Quand on entre dans l’univers de Natan, jeune Juif forcé de quitter Berlin en 1942 pour sauver sa peau, en laissant les siens derrière lui, il nous est impossible de ne pas dévorer 40 manteaux et un bouton, un roman inspiré d’une histoire vraie, tant le héros est attachant. Et aussi parce que l’on souhaite qu’il s’en sorte, et que ces enfants qui l’accompagnent s’en sortent aussi. C’est donc l’aventure de 40 enfants qui nous est racontée ici, 40 enfants sauvés par un village d’Italie, pas très loin de la frontière avec la Suisse. Oui, sauvés par les habitants d’un village qui se sont donné la main pour que ces enfants puissent vivre en toute sécurité, tout en continuant à être des enfants, malgré la peur, malgré la guerre, malgré les chemises brunes.
Il y a donc des moments tristes, des moments gais, tous attendrissants, parce que racontés avec finesse et avec cœur. C’est d’ailleurs cette tendresse omniprésente qui donne au premier roman d’Ivan Sciapeconi toute sa force et qui le rend inoubliable.
Certains pourront trouver qu’ils ont déjà lu suffisamment sur le sujet, qu’il s’agisse de témoignages ou de romans. Ce n’est pas mon cas.
Je n’avais rien lu de Francis Dannemark depuis des années. J’ignorais même qu’il était décédé en 2021. Preuve qu’il m’arrive d’être tellement dans ma bulle que je me trouve totalement déconnectée de tout, et surtout depuis la pandémie, devrais-je ajouter. En fait, ce n’est que depuis le début de 2024 que j’écris à nouveau, que je parle à nouveau d’une partie des livres que j’ai lus, même si je manque à nouveau de temps depuis quelques semaines.
Pourtant, j’ai conservé un excellent souvenir de tous les romans de Francis Dannemark, sauf un.
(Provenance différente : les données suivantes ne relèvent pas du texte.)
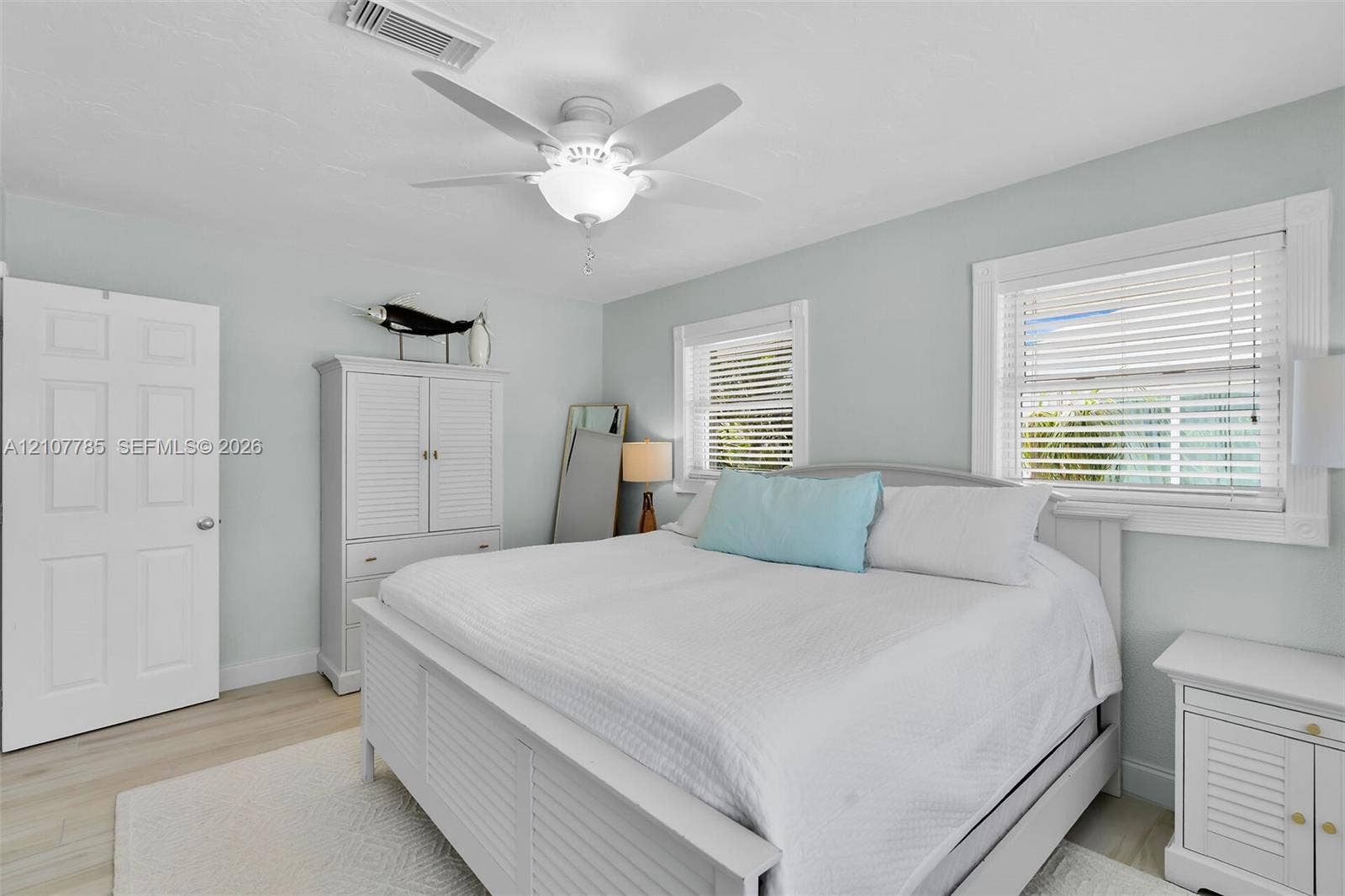 Light-filled room featuring wood-finish flooring, a white ceiling fan with integrated lighting, and dual windows with horizontal blinds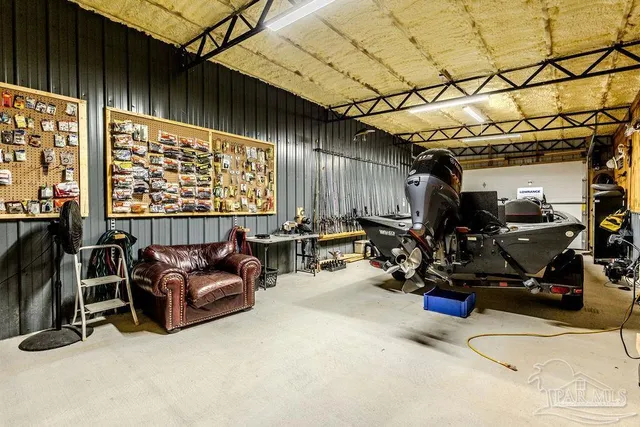 a front view of a house with swimming pool and green space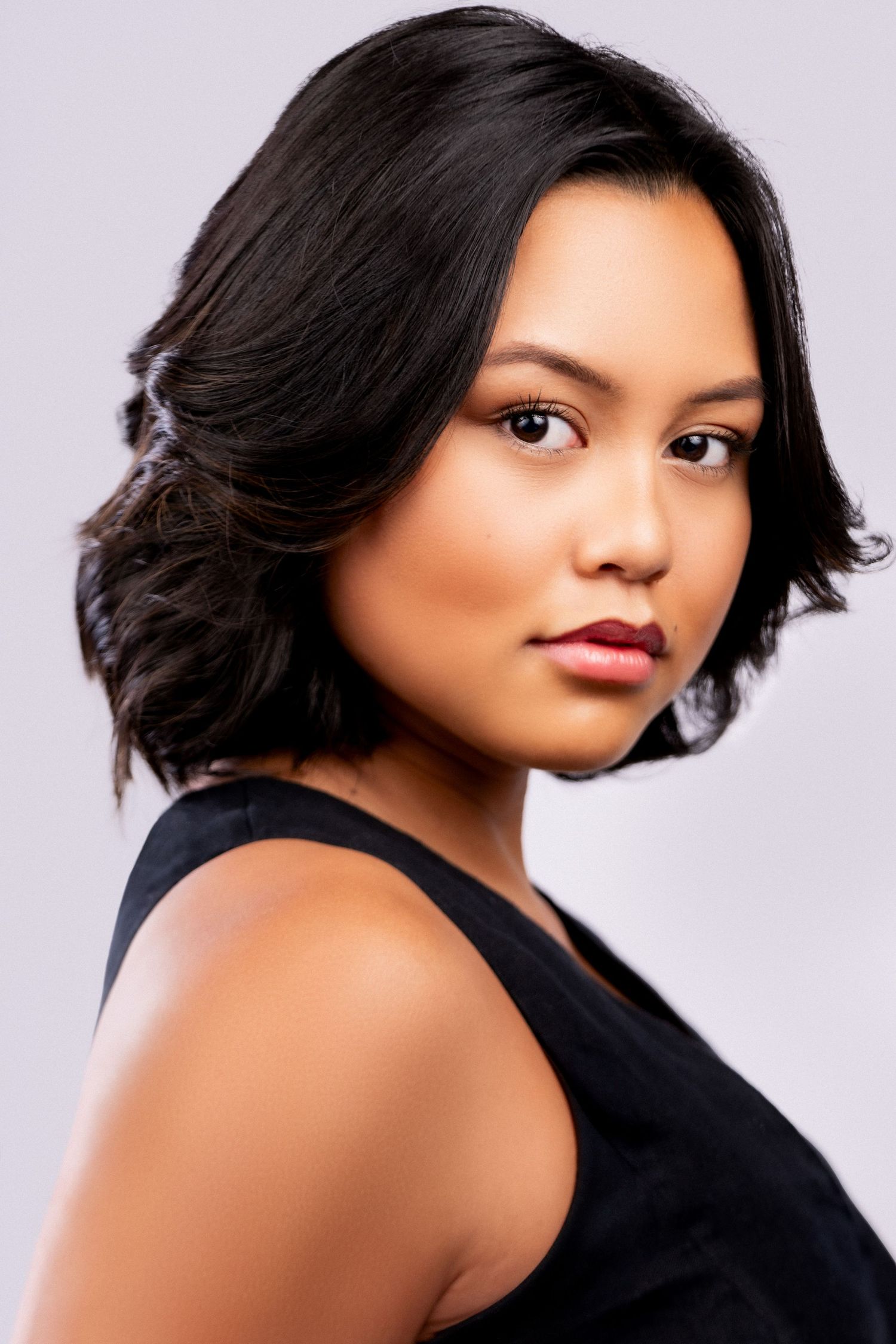 Professional studio portrait with dramatic lighting featuring a glamorous shoulder-length black hairstyle and black sleeveless top.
C’est dire que je me réjouissais d’entamer la lecture de Martha ou la plus grande joie. Et je n’ai pas été déçue. Ce roman autour d’une rencontre entre Jeanne, une vieille dame et les enfants d’un homme qu’elle a aimé, Martha et Martin, est plein de tendresse et d’espoir.
C’est Martin qui se fait le narrateur de cette rencontre et des événements qui ont suivi, lesquels ne se seraient peut-être pas produits sans une panne de voiture salutaire. En frère protecteur, il surveille de près sa sœur qui, à la suite d’un accident, a perdu des grands pans de sa mémoire, mais pas son sourire. Et il s’émeut de la voir sortir de son mutisme et constater à quel point la nature, la rivière et les oiseaux lui sont bénéfiques.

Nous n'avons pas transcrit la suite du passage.